Ia mengatakan sejauh ini vaksin Sinovac belum diakui oleh Pemerintah Arab Saudi. Oleh karena itu, solusinya adalah pemerintah membantu menyediakan booster vaksin bagi calon jamaah umroh.
"Vaksin yang diakui di Saudi adalah Moderna, Pfizer, AstraZeneca, dan Johnson and Johnson. Sementara sekarang, sertifikat vaksin dari Indonesia belum bisa terbaca oleh pihak Saudi," katanya.
Oleh karena itu, ia berharap penyediaan booster vaksin segera dilakukan mengingat sesuai dengan aturan pemerintah Arab Saudi, calon jamaah umroh sudah memperoleh booster vaksin paling tidak 14 hari sebelum keberangkatan. "Karena ada tambahan biaya termasuk wajib melampirkan hasil tes PCR dan lolos tes kesehatan, maka akan ada penambahan biaya yang dikenakan oleh calon jamaah umroh sekitar Rp 5-7 juta. Itu diluar (biaya) karantina," katanya.
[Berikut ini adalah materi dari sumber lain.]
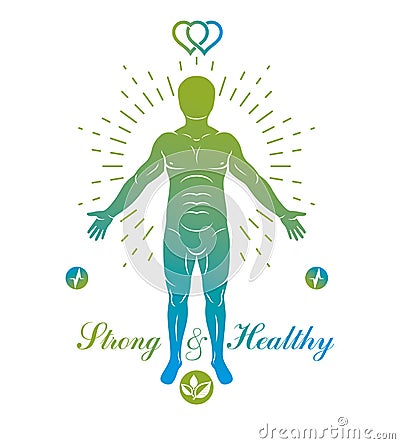 Vector graphic illustration of strong male, body silhouette standing. Creative metaphor of harmony between human and nature powers Vector Illustration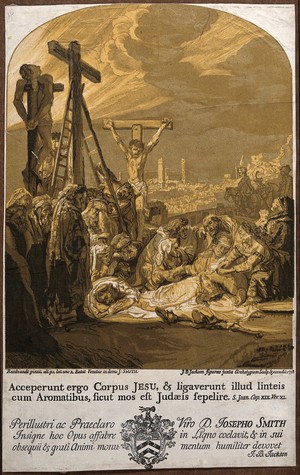 view Lamentation over the dead Christ on the mount of Golgotha. Woodcut by J.B. Jackson, 1738, after Rembrandt.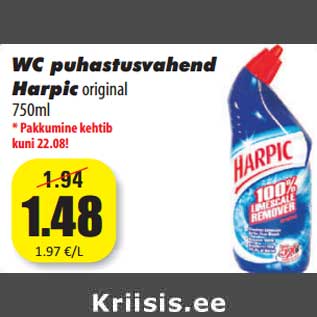 Allahindlus - WC puhastusvahend Harpic original 750ml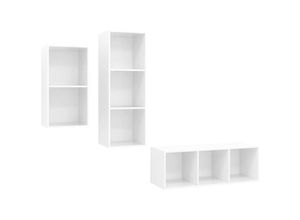 8720286590362 - Bonnevie - 3-tlg TV-Schrank-SetTV-MöbelTV-Möbel Hochglanz-Weiß Holzwerkstoff vidaXL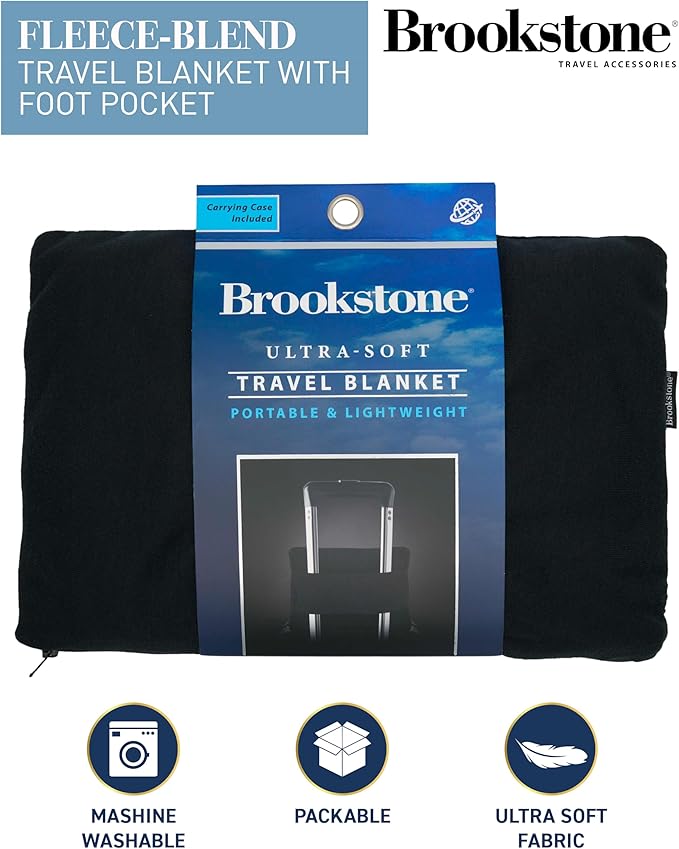Brookstone Travel Blanket - 2-in-1 Jersey Knit Lightweight Throw Blanket with Carrying Pouch, Airplane & Car Travel Essentials, Black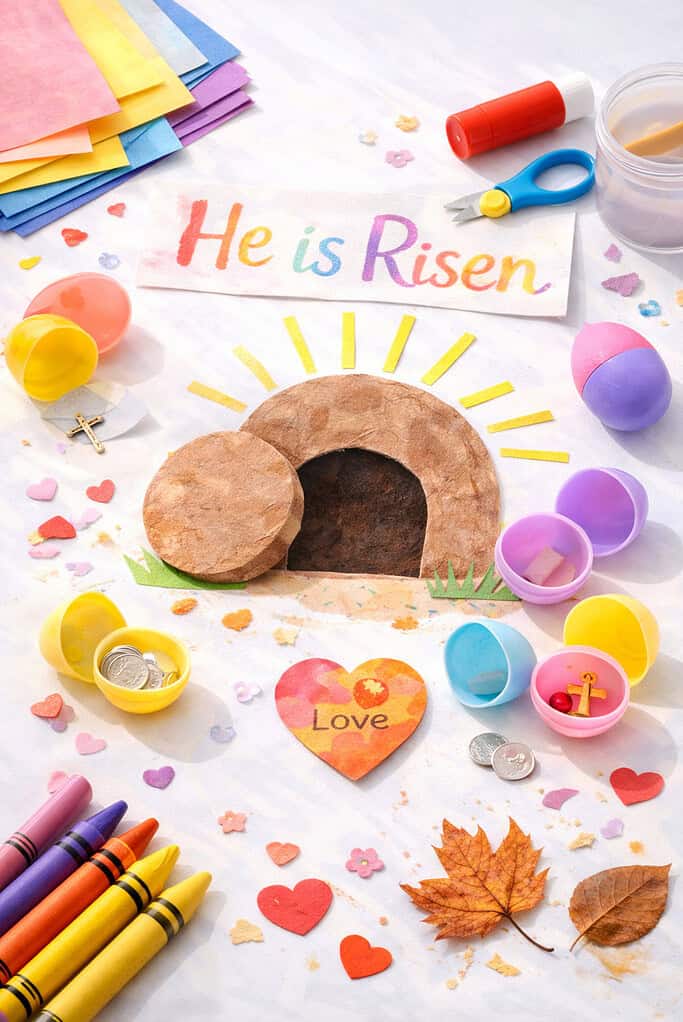 A collection of handmade resurrection-themed crafts placed at the center.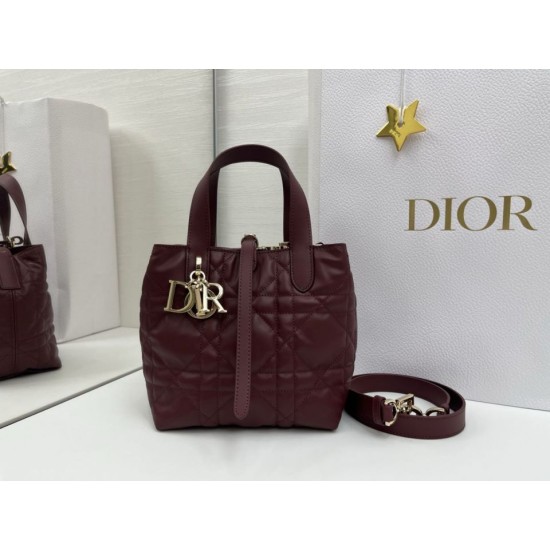 Replica di alta qualità Borsa Tote verticale piccolo Dior Toujours Borgogna Imitazione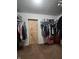 Walk-in closet with wood door, built-in shelving, and ample storage space for clothing at 7511 Eddie Ln, Camby, IN 46113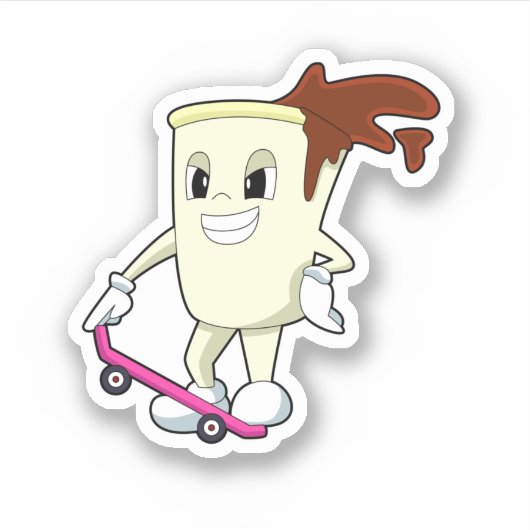 Kaffee als Skater mit Skateboard Aufkleber (Vorderseite)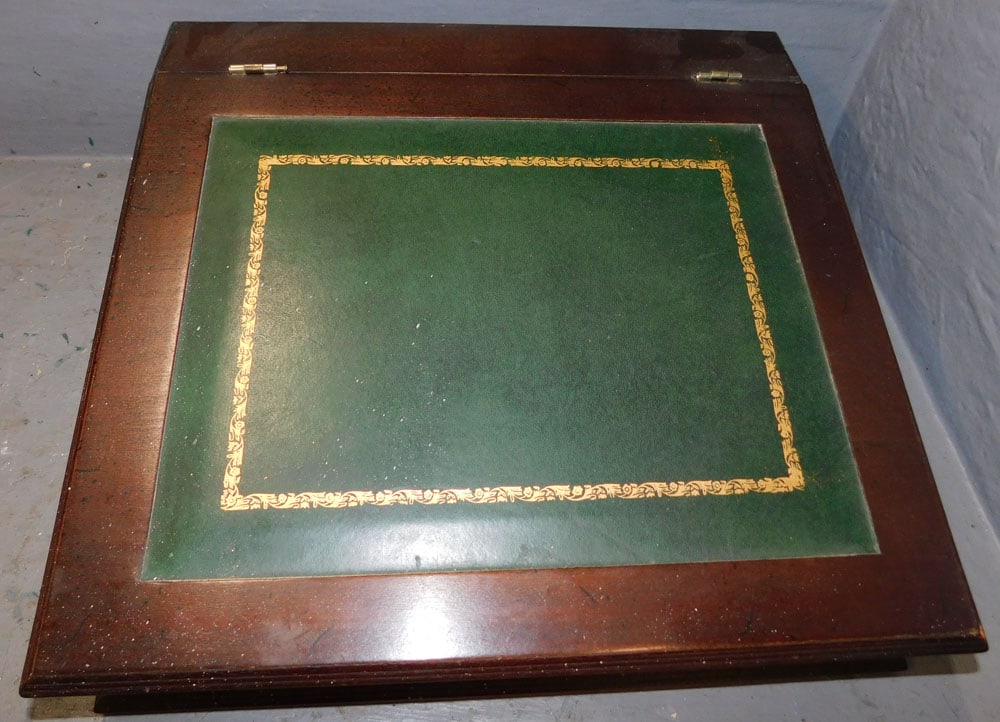 Mahogany & Tooled Leather Lap Desk (1 of 4)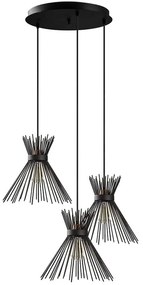 Φωτιστικό Οροφής Kirpi 892OPV1558 63x63x128cm 3xE27 40W Black Opviq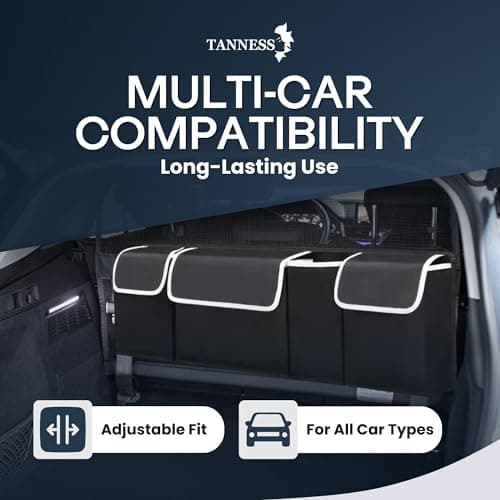 TANNESS Car Boot Seat Organiser with Adjustable Straps - Storage Accessories Organisers - Seat Back Protectors, Medium Large Interior Travel Storage, Foldable Cargo Net Car Backseat Cover Gadgets — view 5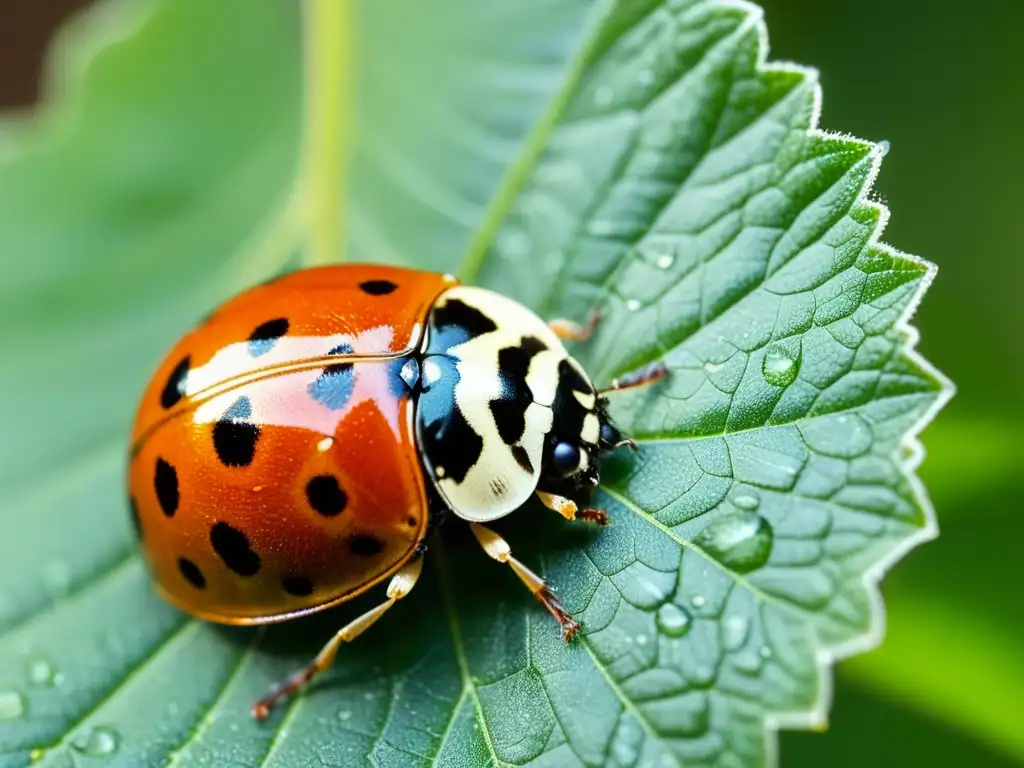 Una mariquita descansa sobre una hoja verde vibrante, con detalles intrincados en sus alas rojas y negras, bajo la luz solar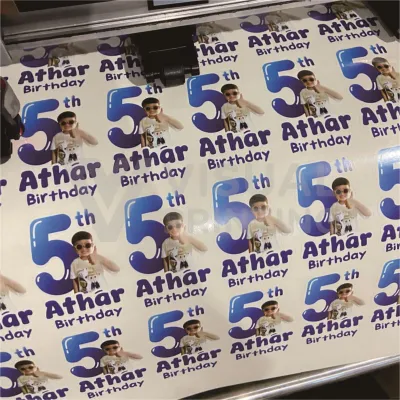 Stiker Ulang Tahun Anak Pola Angka Custom Foto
Biaya normal umroh, yakni sebelum adanya penambahan biaya untuk vaksin dan tes kesehatan di kisaran Rp 25-30 juta. Sementara itu, terkait dengan aturan tersebut, hingga saat ini masih dibahas di tingkat Kementerian Agama.
"Peraturan Menteri Agama (PMA) yang masih digodok, terkait proses pemberangkatan. Oleh karena itu, saat ini kami memberitahukan jamaah untuk siap-siap sambil menunggu peraturan dari menteri agama," katanya.
Ia berharap keputusan bisa cepat keluar, sehingga calon jamaah umroh bisa segera berangkat. "Dari informasi yang kami terima, paling tidak dalam tiga pekan hingga satu bulan ke depan bisa diberangkatkan. Untuk tahap awal akan diatur satu pintu seperti haji, jadi lewat embarkasi. Wacana ini masih dibahas, masih menunggu regulasinya," katanya.